Erbil: Neighbors who (almost) speak English

I've heard it said that for a Turk, traveling in Iran is cheap because you don't need to buy food; people will give it to you to show their good will. I am beginning to think the same is true for an American in Kurdistan.

In the city center, i walked the base of the citadel in search of the elusive cheap hotel. Along the way, i took in the magnificent fountains. Erbil is a place of juxtapositions: these modern fountains, punctuated by little piers where men stand and take pictures of each other, are right next to a row of crumbling buildings that house hardware shops. Young men sweep the sidewalks in this park, but a few feet away the curbside is cluttered with empty cardboard boxes.

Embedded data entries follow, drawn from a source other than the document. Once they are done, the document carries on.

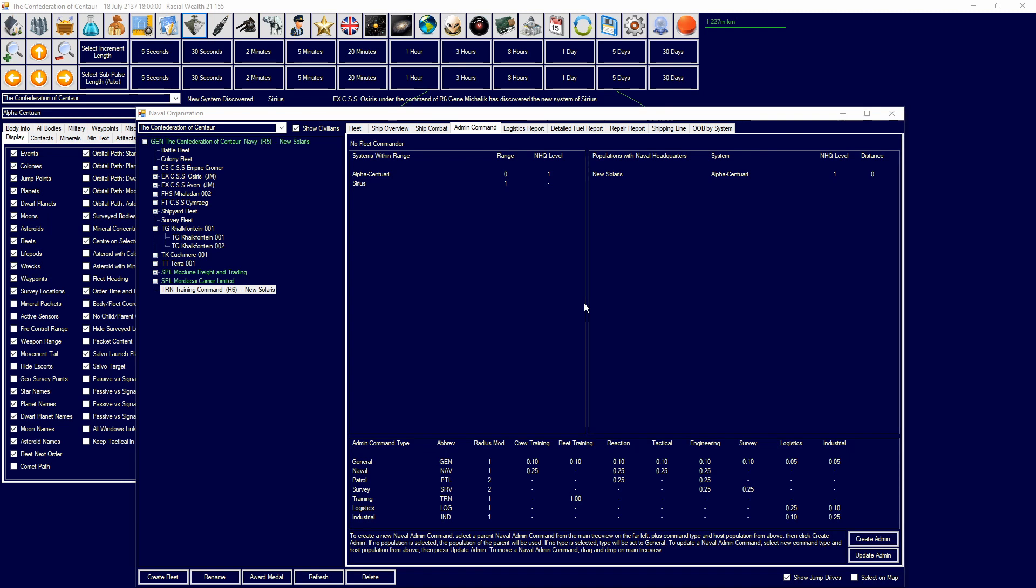But before we get into today's episode, which will be on admin commands and training fleets, we will be going into a few things. First thing is, if you guys could please go to the description below and suggest new tutorials that I haven't done. If they're not on there, then I haven't done them. And that will allow me to make more tutorials, to have more ideas, to do more things. I've done a lot of tutorials, so it's kind of hard for me to think of things that you guys want to see specifically.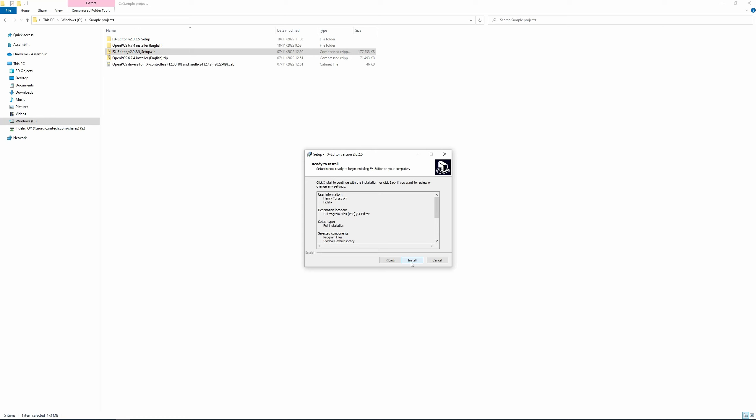And finally, Install. The installation process begins and it's going to take a few seconds.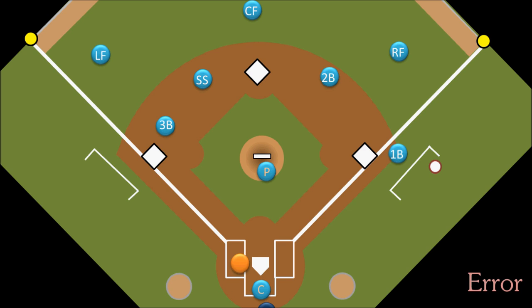Who decides whether something is an error, or whether a player using ordinary effort would have made the play? This is the job of the official scorer, who records everything that happens in the game. It is a judgment call, so you might disagree with the decision, but keep in mind that the scorer will have a different and possibly better angle on the play, especially if it's not a televised game with the opportunity to watch the replay. And while it may affect a player's stats, whether something is called a hit or an error will have no effect on what is happening in the game itself — the runner will still reach base no matter how the scorer classifies the play.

street vendor and curbside trash

A room with three beds in Zheen Hotel, just below the Citadel, costs 45,000 dinars but i get it for 40,000. I'm standing on the balcony, taking pictures, when i hear a voice from next door. A moment later three Arab guys in underwear emerge onto their balcony. They all speak just a few words of English - far less than my Turkish, to give you a sense of things. Next thing i know, i'm taking their picture, then sitting on a bed in their room exchanging photos, then discussing the relationship between alcohol consumption and something of a particularly masculine nature, using mostly gestures. They ask what it's called in English, and i learn the Arabic for it.

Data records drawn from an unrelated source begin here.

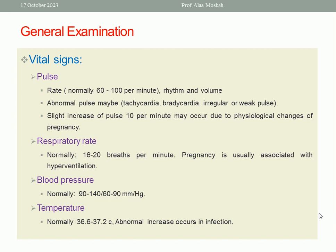Regarding respiratory rate, it is normally between 16 to 20 breaths per minute. You should know that pregnancy is usually associated with hyperventilation due to hormonal changes, particularly the effect of progesterone.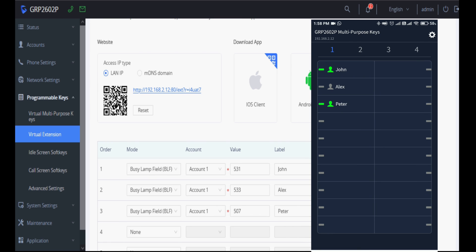Now you can see in mobile as well we are getting the same interface. I can make the call from here and I can also disconnect the call from here. Thank you.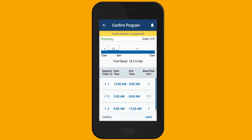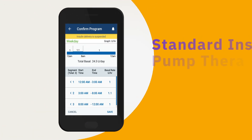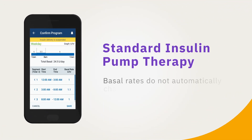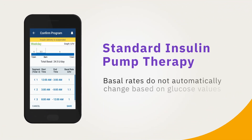Basal rates, measured in units per hour, can be customized to individual needs since there are likely times in a day when more or less insulin is needed. It is important to know that with standard insulin pump therapy, basal rates do not automatically change based on glucose values.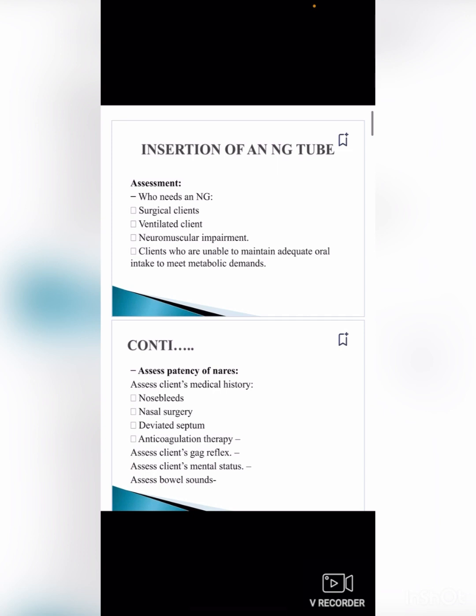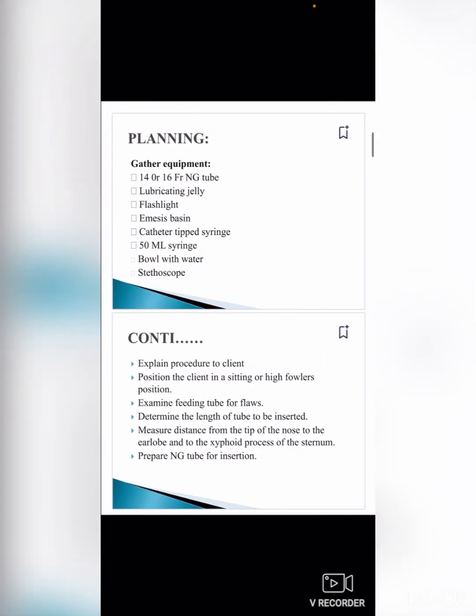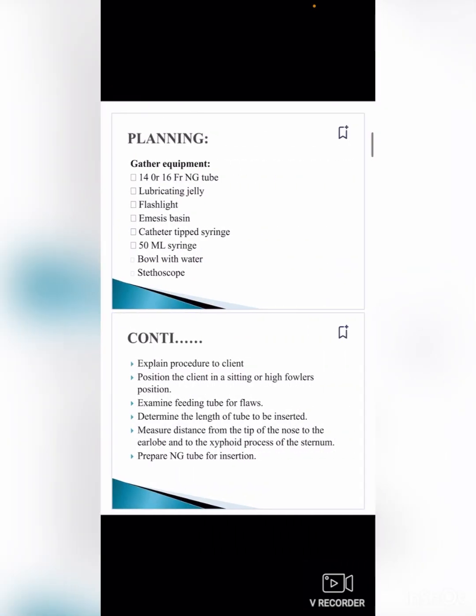Also assess for deviated septum and anticoagulation therapy. Assess the client's gag reflex and mental status. For planning, gather equipment: a 14 to 16 French NG tube, lubricating jelly, flashlight, emesis basin, catheter-tipped 50 ml syringe, bowl with water, and stethoscope. Explain the procedure to the client.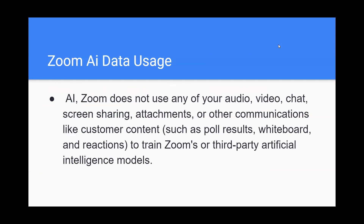Zoom AI data usage: Zoom does not use any of your audio, video, chat, screen sharing, attachments, or any communications — such as customer content like poll results, whiteboards, and reactions — to train Zoom's or third-party artificial intelligence models.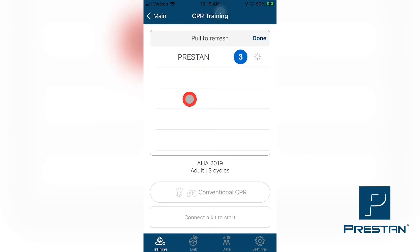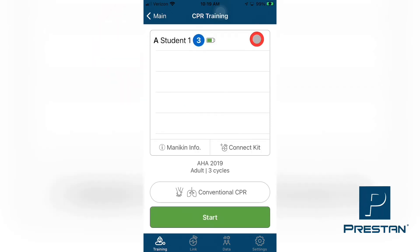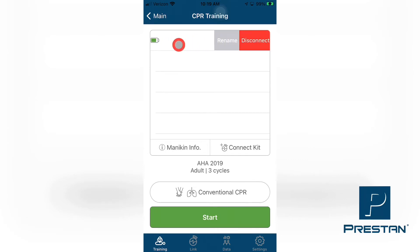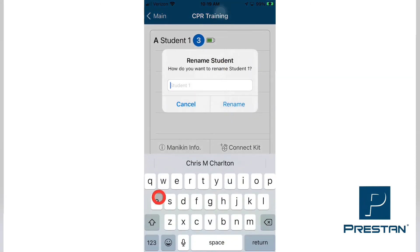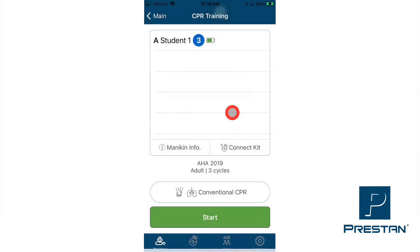Once connected, a checkmark will appear on the line with the mannequin name. When all mannequins have been connected, press Done at the top right corner of the screen. Next, press and hold the name of the mannequin that is to be renamed. While still pressing on the name, slide your finger to the left until you see two buttons appear. Note that if you continue to slide your finger to the left, the Rename button will disappear and only the Disconnect button will show. Select Rename. Type the new name with the keyboard that appears in the app. When complete, press Rename. This new name will now appear on the list of mannequins. Please repeat this process for each mannequin that you wish to rename.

me, with Nassir, Bassam, and Ali

I say i should leave and get some food, and Bassam says he's hungry too. Falafel? Together we walk in search of a place to eat. After nine, the city center is largely closed (just as Ainkawa comes to life). A block from our hotel, next to a traditional cafe where men are playing dominos, there's a falafel stand. We each eat two - served in real Iraqi pita bread, add your own onions and cukes out of an uncovered, communal bowl. The guy who tends the stand is cleaning the tiled floor with a hose. On a table is a bowl of thick yellow curry sauce. We sit on a long bench, backs to the street, eating falafel and then drinking sweet çay. In Turkiye, there is only cube sugar with tea; in Iraq, only granulated - and a lot of it. Of course Bassam won't let me pay. At the hotel room, he showed me pictures of their trip to the famous falls near Shaqlawa; tomorrow he and his friends are headed back home to Karbala - but he wants me to call him from America. He keeps delightedly telling passersby i'm an American.

tea glasses, and domino players

Back at the hotel, i'm exhausted. Midnight, but the sound of a circular saw drifts up every few minutes.